Aim of the task: Skip every image and restate the data word for word.

Source data:

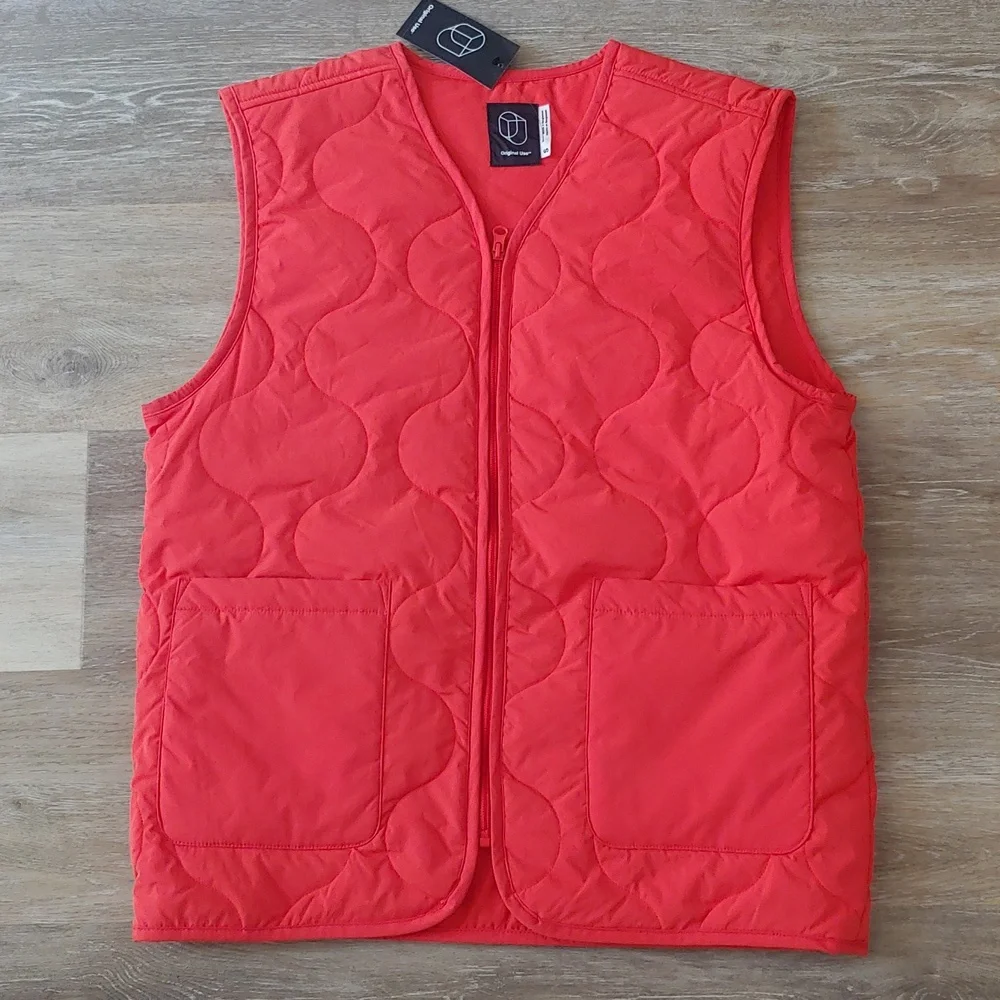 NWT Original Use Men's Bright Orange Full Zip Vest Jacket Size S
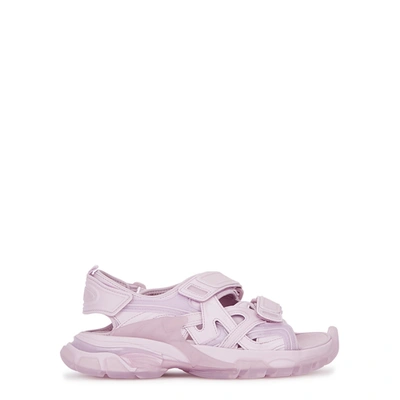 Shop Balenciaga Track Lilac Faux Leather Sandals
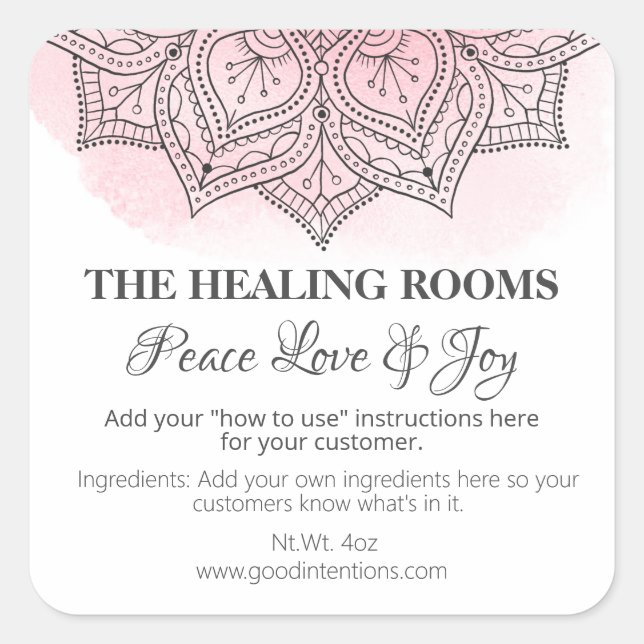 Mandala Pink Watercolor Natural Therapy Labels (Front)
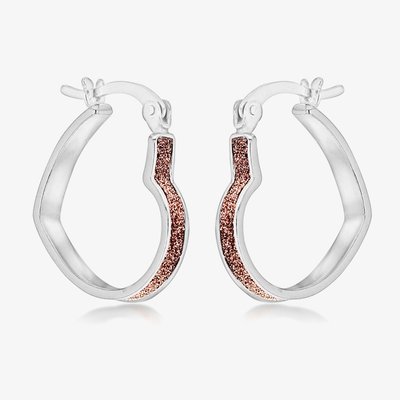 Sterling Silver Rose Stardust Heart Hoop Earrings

Answer to the problem:
 NWT Original Use Men's Bright Orange Full Zip Vest Jacket Size S
 Shop Balenciaga Track Lilac Faux Leather Sandals
 Mandala Pink Watercolor Natural Therapy Labels (Front)
 Sterling Silver Rose Stardust Heart Hoop Earrings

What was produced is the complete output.